◆ **Instructions for the task**:
In the reply, give back exactly the lines from the one with "Photograph of a" through the last line of the records, without pictures.

===

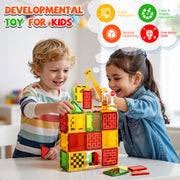 Magnetic Building Tiles Road Set with Mobile Crane for Kids Ages 4-8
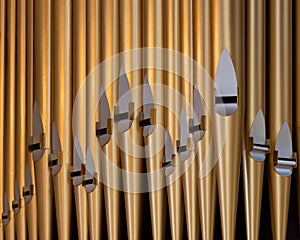 Brass pipes of pipe organ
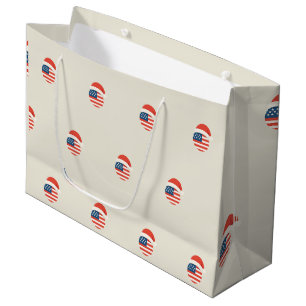 Christmas Santa US Flag Gift Bag
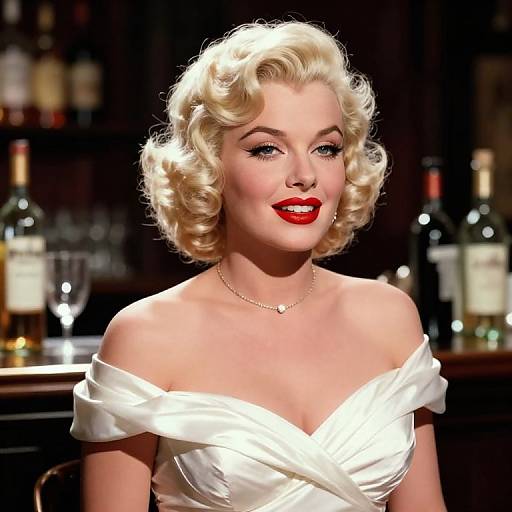 Photograph of a blonde, fair-skinned woman with curled hair, red lipstick, and off-shoulder white dress, standing in a dimly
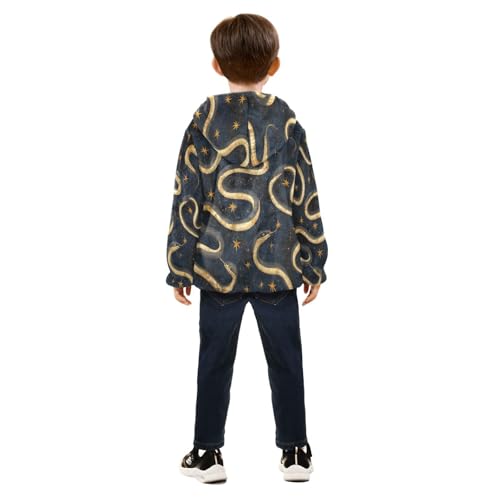 Pattern with Snakes and Stars Toddler Fleece Jacket Girl Boys Hooded Fleece Jacket Coat Warm Outwear Zip-up 3-10T4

===

◆ **Final answer**:
 Photograph of a blonde, fair-skinned woman with curled hair, red lipstick, and off-shoulder white dress, standing in a dimly
 Pattern with Snakes and Stars Toddler Fleece Jacket Girl Boys Hooded Fleece Jacket Coat Warm Outwear Zip-up 3-10T4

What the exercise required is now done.